In this he is glorious in the sight of God, angels, and men. In him there is at the same time, in the same divine actings, a glorious display of both justice and mercy — of the one in punishing, of the other in pardoning. The apparent inconsistency between the righteousness of God and the salvation of sinners, with which the consciences of convicted persons are exercised and terrified, and which is the rock on which most of them shatter themselves into eternal ruin, is here removed and taken away. In his cross, divine holiness and punitive justice were exercised and manifested; and through his triumph, grace and mercy are exerted to the utmost. This is that glory which ravishes the hearts and satisfies the souls of those who believe. For what can they desire more, what is further needful for the rest and composure of their souls, than in one view to behold God eternally well pleased in the declaration of his righteousness and the exercise of his mercy in order to their salvation? In due apprehension of this, let my soul live; in the faith of it let me die; and let present admiration of this glory make way for the eternal enjoyment of it in its beauty and fullness.
He is glorious in that the law of God in its preceptive part, or as to the obedience it required, was perfectly fulfilled and accomplished. That it should be so was absolutely necessary from the wisdom, holiness, and righteousness of him by whom it was given. For what could be more remote from those divine perfections than to give a law which was never to be fulfilled by those to whom it was given and who were to have the benefits of it? This could not be done by us. But through the obedience of Christ, by virtue of this his mystical conjunction with the church, the law was so fulfilled in us by being fulfilled for us, that the glory of God in the giving of it and the attaching of eternal rewards to it is exceedingly exalted (Romans 8:3–4).
This is that glory of Christ of which one view by faith will scatter all fears, answer all objections, and give relief against all the despondencies of poor, tempted, doubting souls — and it will be an anchor to all believers, which they may cast within the veil to hold them firm and steadfast in all trials, storms, and temptations in life and death.
I have addressed at length what concerns the glory of Christ in the sending of the Holy Spirit to the church, along with all the divine truths that flow from it, in my discourse on the whole dispensation of the Holy Spirit. That subject therefore will not be treated here, among the many other things that present themselves to us as part of this glory or as intimately connected to it. I will dwell briefly on only three things that cannot be directly placed under the earlier headings.
The first of these is the intimate union between Christ and the church, by which it is right and just in God's sight — in keeping with the rules of His eternal righteousness — that what Christ did and suffered in the discharge of His office should be counted, reckoned, and imputed to us, as to all its fruits and benefits, as though we had done and suffered the same things ourselves. This union of His with us was an act of His own mind and will, and in it He is inexpressibly glorious.

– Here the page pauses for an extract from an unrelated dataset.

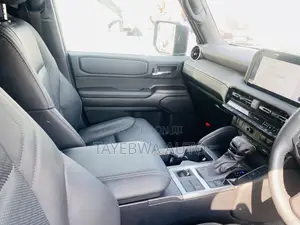 Toyota Land Cruiser 2024 White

The enemies of Christ's glory and of His cross grant one thing: that there must be such a union between the guilty person and the one who suffers for him that in some sense the guilty person can be said to have undergone the punishment himself. But they then claim that there was no such union between Christ and sinners — none at all — and that He was simply a man as other men are, and otherwise at the greatest possible distance from all of them. The falseness of this claim, and the deep ignorance of Scripture hiding behind a pretense of intellectual precision in those who make it, will be plainly evident in what follows.
The apostle tells us that 'He Himself bore our sins in His body on the cross' (1 Peter 2:24), and that 'He died for sins once for all, the just for the unjust, so that He might bring us to God' (1 Peter 3:18). But this seems strange to reason — where is the justice, where is the fairness, in the just suffering for the unjust? Where is divine righteousness in this? For it was an act of God: 'But the Lord has caused the iniquity of us all to fall on Him' (Isaiah 53:6). The fairness of this, and the grounds on which it rests, must be briefly examined here.
First of all, it is certain that all the elect — the whole church of God — fell in Adam under the curse due to the transgression of the law. That curse included both temporal and eternal death. No one could undergo that curse and be saved. Nor was it consistent with the righteousness, holiness, or truthfulness of God that sin should go unpunished. Therefore, given God's decree to save His church, there was a necessity for a transfer of punishment — from those who had deserved it but could not bear it, to one who had not deserved it but could bear it.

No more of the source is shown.